### WHAT TO WORK ON
From the data below, copy exactly the lines that lie between the one holding "Songbird Perched on" and the one holding "Оригинальный аккумулятор L13D1P31", including both, and nothing more.

### DATA SHOWN
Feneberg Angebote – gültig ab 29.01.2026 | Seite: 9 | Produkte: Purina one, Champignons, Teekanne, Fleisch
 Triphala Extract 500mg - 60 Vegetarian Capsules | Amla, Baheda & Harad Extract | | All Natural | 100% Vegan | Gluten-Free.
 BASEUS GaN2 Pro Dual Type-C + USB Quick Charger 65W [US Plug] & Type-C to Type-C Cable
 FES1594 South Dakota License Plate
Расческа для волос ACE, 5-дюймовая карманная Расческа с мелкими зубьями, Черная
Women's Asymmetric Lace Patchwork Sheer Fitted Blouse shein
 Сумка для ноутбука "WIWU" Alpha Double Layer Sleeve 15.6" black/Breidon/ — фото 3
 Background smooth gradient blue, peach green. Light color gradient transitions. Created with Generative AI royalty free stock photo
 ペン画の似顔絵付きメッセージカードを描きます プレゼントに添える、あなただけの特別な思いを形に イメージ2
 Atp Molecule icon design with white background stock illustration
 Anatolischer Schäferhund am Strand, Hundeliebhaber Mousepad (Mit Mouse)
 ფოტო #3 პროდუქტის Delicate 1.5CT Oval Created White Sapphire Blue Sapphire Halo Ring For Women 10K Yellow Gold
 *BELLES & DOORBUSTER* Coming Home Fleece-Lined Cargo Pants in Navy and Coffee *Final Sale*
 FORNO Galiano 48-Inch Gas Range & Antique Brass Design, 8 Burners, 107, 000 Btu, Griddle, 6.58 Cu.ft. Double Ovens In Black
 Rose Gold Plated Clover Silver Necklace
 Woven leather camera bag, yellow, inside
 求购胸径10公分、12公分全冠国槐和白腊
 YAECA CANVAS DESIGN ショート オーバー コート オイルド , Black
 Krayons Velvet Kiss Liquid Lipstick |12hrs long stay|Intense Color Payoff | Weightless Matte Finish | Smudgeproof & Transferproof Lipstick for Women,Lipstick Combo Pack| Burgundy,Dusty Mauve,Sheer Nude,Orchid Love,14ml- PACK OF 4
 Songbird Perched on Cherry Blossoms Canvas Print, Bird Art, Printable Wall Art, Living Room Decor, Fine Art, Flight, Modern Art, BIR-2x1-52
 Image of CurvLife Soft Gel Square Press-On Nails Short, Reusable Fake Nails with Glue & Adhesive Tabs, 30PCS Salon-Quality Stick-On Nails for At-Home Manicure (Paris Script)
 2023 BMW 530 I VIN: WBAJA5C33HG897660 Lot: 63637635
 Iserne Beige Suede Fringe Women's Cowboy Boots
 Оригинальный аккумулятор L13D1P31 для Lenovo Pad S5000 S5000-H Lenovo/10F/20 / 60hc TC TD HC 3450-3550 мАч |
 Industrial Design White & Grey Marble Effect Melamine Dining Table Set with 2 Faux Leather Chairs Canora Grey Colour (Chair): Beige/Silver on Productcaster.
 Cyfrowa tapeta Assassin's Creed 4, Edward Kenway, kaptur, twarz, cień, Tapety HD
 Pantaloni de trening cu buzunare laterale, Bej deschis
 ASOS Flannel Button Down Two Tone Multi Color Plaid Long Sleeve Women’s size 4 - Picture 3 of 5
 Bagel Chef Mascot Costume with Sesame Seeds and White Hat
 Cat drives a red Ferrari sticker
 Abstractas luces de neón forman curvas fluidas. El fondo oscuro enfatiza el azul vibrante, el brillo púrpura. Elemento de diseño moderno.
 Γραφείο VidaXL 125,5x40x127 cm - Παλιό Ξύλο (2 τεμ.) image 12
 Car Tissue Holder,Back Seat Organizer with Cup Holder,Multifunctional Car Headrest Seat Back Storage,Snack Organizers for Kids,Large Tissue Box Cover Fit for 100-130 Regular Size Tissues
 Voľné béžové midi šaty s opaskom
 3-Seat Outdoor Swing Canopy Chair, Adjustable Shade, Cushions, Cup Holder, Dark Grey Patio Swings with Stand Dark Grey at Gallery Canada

### RESPONSE AREA
 Songbird Perched on Cherry Blossoms Canvas Print, Bird Art, Printable Wall Art, Living Room Decor, Fine Art, Flight, Modern Art, BIR-2x1-52
 Image of CurvLife Soft Gel Square Press-On Nails Short, Reusable Fake Nails with Glue & Adhesive Tabs, 30PCS Salon-Quality Stick-On Nails for At-Home Manicure (Paris Script)
 2023 BMW 530 I VIN: WBAJA5C33HG897660 Lot: 63637635
 Iserne Beige Suede Fringe Women's Cowboy Boots
 Оригинальный аккумулятор L13D1P31 для Lenovo Pad S5000 S5000-H Lenovo/10F/20 / 60hc TC TD HC 3450-3550 мАч |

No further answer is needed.